There was some kind of jeers from his classmates calling him mute at times, and I scolded them for doing so. Well, that was the only thing I could do then and telling them not to tease others of their handicap is what I did, an advice which I regretted saying. That is because later a few teachers told me that some times ago he did talk and only a couple of months before I came here he had simply stopped speaking, not in the class, not to the teachers and his classmates, not to anyone else. I was not the one to be blamed in this misunderstanding nor was it the boy's fault for not expressing his golden voice. There must be some hidden matters about him that had hold his words back or a blast of emotion which he hadn't said and would require a lot to be said, be it by exaggerated coaxing or even threat.

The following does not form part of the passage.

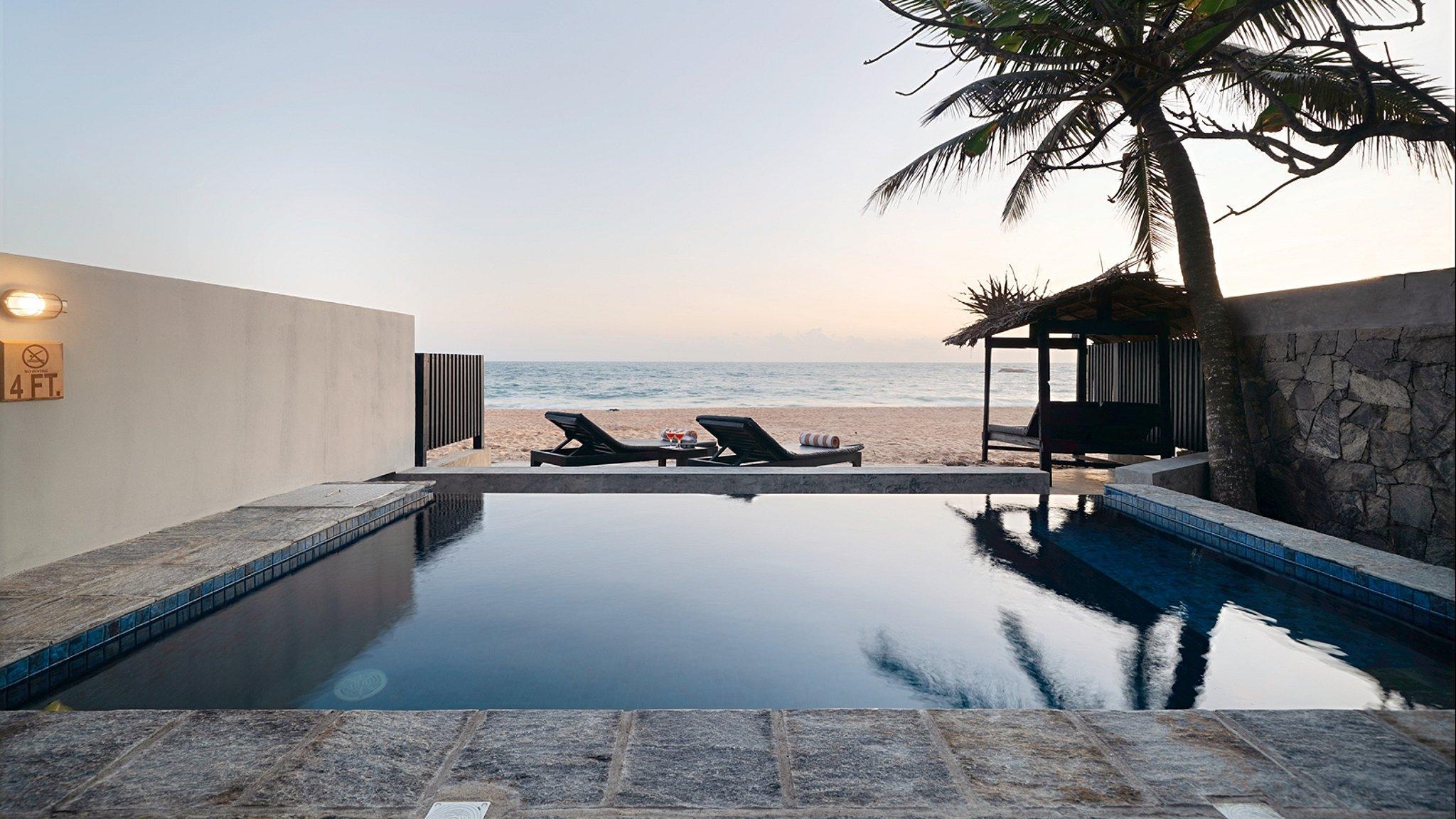 Red Parrot Beach Villa - Photo 6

Thus, it explained to me quite clearly why he always gave me a frown laden with silent indecipherable words every time I purposely asked him questions, just so that I could hear him speak if not willing, forcefully, that is.
Still, every time that happened, he never said a word though…
I never told anyone how much the boy resembled my daughter, a student in the same school with us. Indeed, for almost two months she stopped talking to me. Whenever I asked her questions, academic or non-academic, including the silly ones, I dared to give a million for charity if she answered. She would only sit silently eating her dinner, ignore me as if I was not there or turn her back on me heading to her room. At school it was impossible not to meet each other and every time our errands meet where both intersections joined, she looked at me like strangers as if a lamb mocking upon a slaughter.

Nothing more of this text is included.